Things you don’t know you’re doing

reCaptcha in use at Last.fm

I know captchas are a pain and cause accessibility issues, but they’re one way of keeping the bots out of places meant for humans.

I came across a March 09 presentation from the guy that invented them, one Luis von Ahn from Carnegie Mellon University, which might cast them in a different light for you. The video (down below) is 12 minutes long if you want to watch it but here’s a nutshell.

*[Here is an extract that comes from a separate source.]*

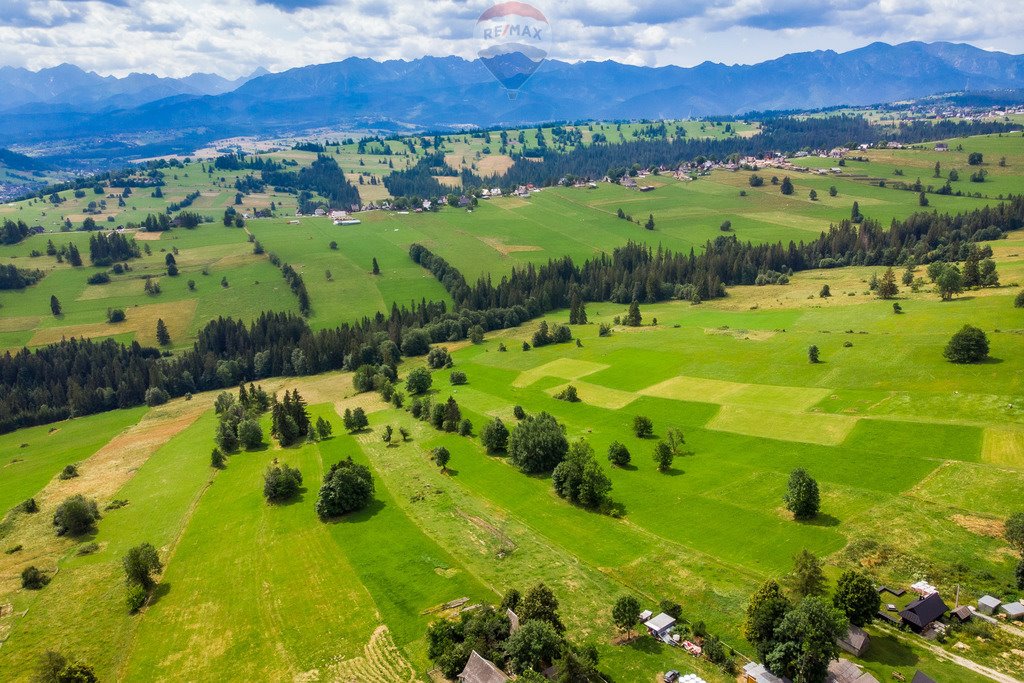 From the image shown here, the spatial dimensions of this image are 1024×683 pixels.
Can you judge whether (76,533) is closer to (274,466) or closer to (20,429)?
(274,466)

Let’s start with the New York Times. Their archive stretches back to 1851 but it wasn’t until 1980 [correction: 1980-something] that they had digital records of their content. Right now they’re part way through digitising all that content and expect to be finished later this year. They make a scanned image of their paper pages and use OCR software to extract the words into a searchable electronic record, no surprise there. But they’re finding that the reliability of OCR for old material that may have yellowed or faded can be as low as 70%. Which leaves a whole lot of work to be done manually, on 129 years worth of NYT. No small task.

Enter Recaptcha. The next time you come across something like the above example from Last.fm’s sign-up screen, here’s what’s happening.

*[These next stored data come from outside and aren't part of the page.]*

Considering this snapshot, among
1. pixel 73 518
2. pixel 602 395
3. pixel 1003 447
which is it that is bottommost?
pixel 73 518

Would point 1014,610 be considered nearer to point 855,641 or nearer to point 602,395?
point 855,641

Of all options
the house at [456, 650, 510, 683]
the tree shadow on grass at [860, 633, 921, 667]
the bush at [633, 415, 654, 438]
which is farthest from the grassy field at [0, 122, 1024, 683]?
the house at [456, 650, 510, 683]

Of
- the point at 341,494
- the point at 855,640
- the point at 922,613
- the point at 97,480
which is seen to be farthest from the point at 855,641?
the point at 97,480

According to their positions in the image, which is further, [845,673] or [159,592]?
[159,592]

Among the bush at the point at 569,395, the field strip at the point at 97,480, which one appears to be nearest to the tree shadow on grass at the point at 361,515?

An image of the word that the NYT’s OCR software can’t decipher gets sent across to Recaptcha via a web service. Recaptcha munges up the unknown word a bit more and pairs it up with a known (munged) word that it can verify, then sends the pair out as a two-word captcha to places like Last.fm – or Twitter or Facebook or 100,000 other sites. Along comes Rowan Smith to open a Last.fm account, who enters the two words in the captcha and sends them off for verification. Recaptcha confirms I’m human by matching the known word with what I typed in, and hands me back to Last.fm to complete the account setup.

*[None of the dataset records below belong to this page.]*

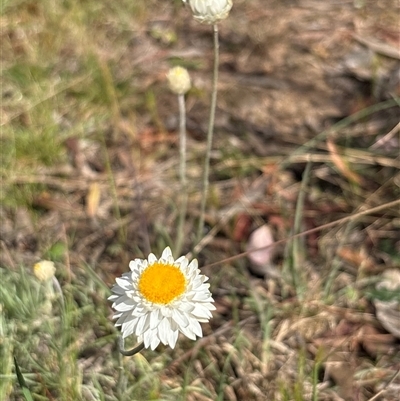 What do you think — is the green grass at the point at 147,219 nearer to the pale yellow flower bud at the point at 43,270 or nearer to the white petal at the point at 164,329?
the pale yellow flower bud at the point at 43,270

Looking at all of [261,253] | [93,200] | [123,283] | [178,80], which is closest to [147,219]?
[93,200]

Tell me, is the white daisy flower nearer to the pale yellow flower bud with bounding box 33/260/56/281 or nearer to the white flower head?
the pale yellow flower bud with bounding box 33/260/56/281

The other word I typed in was the one that NYT’s OCR software couldn’t recognise. Well, I just decoded it for them. Recaptcha thanks me immensely and sends the human-translated answer back to the NYT. Just like that. Dead simple. Brilliant, actually. And NYT is only one example – other digitisation projects like Google and The Internet Archive can and do use the same web service.

The captcha might be a pain, but I do like the warm fuzzies I get from doing my bit for humanity, in the time it takes to deal with one. I hope the 400,000,000 other people who have contributed so far, at a rate of 35,000,000 newly digitised words per day, do too.

If you can handle watching a computer science type for 11:50, here’s the man himself. Don’t be put off – it’s actually quite good.

Posted by: Rowan | May 25, 2009

The trouble with geeks

Here’s a YouTube video presaging the internet from a 1969 movie clip (purportedly at least, and I have few reasons to doubt it):

They weren’t actually far off with the technology in terms of what it does – end to end transactions and all that. Glad I don’t have to use those big clunkers though, I’d need something the size of an aircraft hangar to do what I want to do now. And I’m quite happy with the humble interface I use to do that stuff already.

They didn’t anticipate the social mores changing underneath them though when they made their pitch, did they? That’s the trouble with geeks.

Posted by: Rowan | April 19, 2009

Who’d have thought it…

As both an RSA member (ex-president-of-Vice, in fact) and an online sort I’ve always been quite interested in what RNZRSA – the headquarters – does online. And so far it’s been a rather good web site built by Shift a few years back. (HQ might have had something to do with a couple of sites around the Vietnam commemorations as well, I don’t know, but I think that’s been about it).

The site does the job. It presents RNZRSA very professionally and if you’re travelling the “Find an RSA” lookup is clunky but it sort of works. It’s a good web site, but still just a web site.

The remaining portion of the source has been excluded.